THE FITS with director Anna Rose Holmer in person

(U.S., 2015, 1 hr 12 mins. Dir. Anna Rose Holmer. With Royalty Hightower, Alexis Neblett, Da’Sean Minor.)

Eleven-year-old tomboy Toni (a showstopping Royalty Hightower) is bewitched by the tight-knit dance team she sees practicing in the same Cincinnati gymnasium where she boxes. Enamored by the power and confidence of the strong community of girls, Toni spends less and less time boxing with her older brother, and instead eagerly absorbs the dance routines and masters drills from a distance, and even pierces her own ears in an effort to fit in. But when a mysterious outbreak of fainting spells plagues the team, Toni’s desire for acceptance becomes more complicated. 
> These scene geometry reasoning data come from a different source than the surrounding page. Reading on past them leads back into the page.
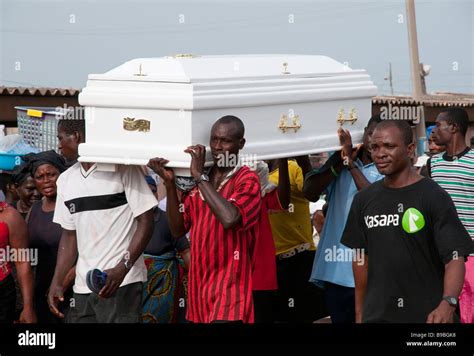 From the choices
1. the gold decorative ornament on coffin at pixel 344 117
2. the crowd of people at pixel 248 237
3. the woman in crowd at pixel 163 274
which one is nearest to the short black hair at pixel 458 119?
the crowd of people at pixel 248 237

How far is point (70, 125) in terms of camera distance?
20.5 feet

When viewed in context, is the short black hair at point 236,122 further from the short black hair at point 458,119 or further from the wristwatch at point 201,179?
the short black hair at point 458,119

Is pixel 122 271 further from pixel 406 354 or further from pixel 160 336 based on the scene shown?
pixel 406 354

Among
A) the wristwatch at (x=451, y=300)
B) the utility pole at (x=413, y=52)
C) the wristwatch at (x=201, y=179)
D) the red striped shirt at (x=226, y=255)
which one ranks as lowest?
the wristwatch at (x=451, y=300)

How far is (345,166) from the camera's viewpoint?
669cm

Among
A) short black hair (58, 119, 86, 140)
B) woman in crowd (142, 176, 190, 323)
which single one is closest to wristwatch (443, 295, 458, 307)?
short black hair (58, 119, 86, 140)

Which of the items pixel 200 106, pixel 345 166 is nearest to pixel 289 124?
pixel 345 166

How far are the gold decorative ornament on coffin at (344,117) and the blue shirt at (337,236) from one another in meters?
0.26

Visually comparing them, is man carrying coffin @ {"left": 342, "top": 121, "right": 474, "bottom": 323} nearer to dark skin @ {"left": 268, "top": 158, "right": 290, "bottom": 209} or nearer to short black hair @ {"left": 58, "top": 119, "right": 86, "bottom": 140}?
dark skin @ {"left": 268, "top": 158, "right": 290, "bottom": 209}

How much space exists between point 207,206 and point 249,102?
624 mm

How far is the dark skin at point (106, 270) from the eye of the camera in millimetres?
5941

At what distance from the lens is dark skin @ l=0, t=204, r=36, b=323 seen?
661cm

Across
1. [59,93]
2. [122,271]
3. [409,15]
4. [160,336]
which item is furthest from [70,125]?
[409,15]

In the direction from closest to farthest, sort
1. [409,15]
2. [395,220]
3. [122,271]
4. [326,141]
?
[395,220], [122,271], [326,141], [409,15] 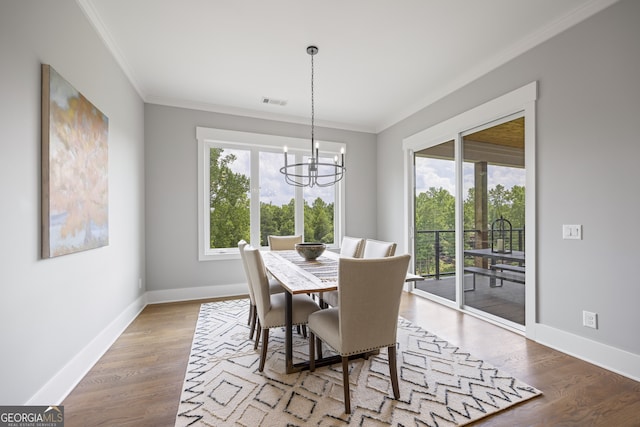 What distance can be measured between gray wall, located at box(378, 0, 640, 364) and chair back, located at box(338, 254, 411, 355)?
169 centimetres

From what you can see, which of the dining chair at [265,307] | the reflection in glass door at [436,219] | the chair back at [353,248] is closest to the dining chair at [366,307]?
the dining chair at [265,307]

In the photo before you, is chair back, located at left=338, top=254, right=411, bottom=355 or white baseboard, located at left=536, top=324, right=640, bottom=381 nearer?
chair back, located at left=338, top=254, right=411, bottom=355

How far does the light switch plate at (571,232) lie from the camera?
2.33 meters

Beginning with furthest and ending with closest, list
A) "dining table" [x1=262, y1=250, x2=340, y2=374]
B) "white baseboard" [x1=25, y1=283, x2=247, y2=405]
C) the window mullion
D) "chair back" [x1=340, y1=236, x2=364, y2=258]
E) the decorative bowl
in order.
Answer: the window mullion, "chair back" [x1=340, y1=236, x2=364, y2=258], the decorative bowl, "dining table" [x1=262, y1=250, x2=340, y2=374], "white baseboard" [x1=25, y1=283, x2=247, y2=405]

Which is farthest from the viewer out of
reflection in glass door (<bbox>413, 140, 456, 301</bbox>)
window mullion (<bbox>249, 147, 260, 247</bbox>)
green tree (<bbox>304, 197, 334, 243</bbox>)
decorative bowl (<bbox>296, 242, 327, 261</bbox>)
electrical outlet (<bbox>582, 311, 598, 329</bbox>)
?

“The Fits pulls you in and won’t let go. It’s a 72-minute wonder, a self-assured, gently mysterious little film that is hypnotic in unexpected ways.

Sunday, April 23

3:00 p.m.

THIS IS NOT A BURIAL, IT’S A RESURRECTION and video interview with director Lemohang Jeremiah Mosese

(Lesotho, 2019, 2 hrs 2 mins. Directed by Lemohang Jeremiah Mosese. With Mary Twala Mhlongo)

With a poet’s eye for place, light, and the spiritual dimensions of everyday existence, Lemohang Jeremiah Mosese crafts a meditation on the concept of homeland and a transcendent elegy for what is lost in the name of progress. Grieving and alone following the deaths of her husband and children, elderly Mantoa (Mary Twala Mhlongo, in a soul-shaking performance) prepares for her own death and to be buried alongside her ancestors. When plans for a new dam near her village in the landlocked kingdom of Lesotho threaten to literally wash away all she holds dear, Mantoa takes a last stand, mobilizing her neighbors to fight for their land and their way of life. 

“This is Not a Burial, It’s a Resurrection would be an exceptional film under any circumstances, but it has a special power at this particular moment.” (Bilge Ebiri, New York Magazine)

7:00 p.m.

THE CATHEDRAL and director Ricky D’Ambrose in person

(U.S., 2021, 1 hr 28 mins., Directed by Ricky D’Ambrose. With Brian D’Arcy James, Monica Barbaro)

This multigenerational tale tracks one family’s rise and fall over decades, as seen through the eyes of its youngest member, Jesse, an only child who develops an interest in art. We see a family and a country come undone in Ricky D’Ambrose’s Spirit Award-winning drama. Deploying a Bressonian framing of richly textured interior and delicate hand gestures, these nostalgic glimpses at a fractured father-son bond meticulously conjure a bygone 1980-s and 1990s Long Island. (A MUBI release)

A movie filled with restrained feeling and shimmers of beauty. Over the course of this spare, precise, formally rigorous movie, Jesse grows from a quiet wide-eyed toddler into a pensive, watchful teenager.” (Manohla Dargis, The New York Times).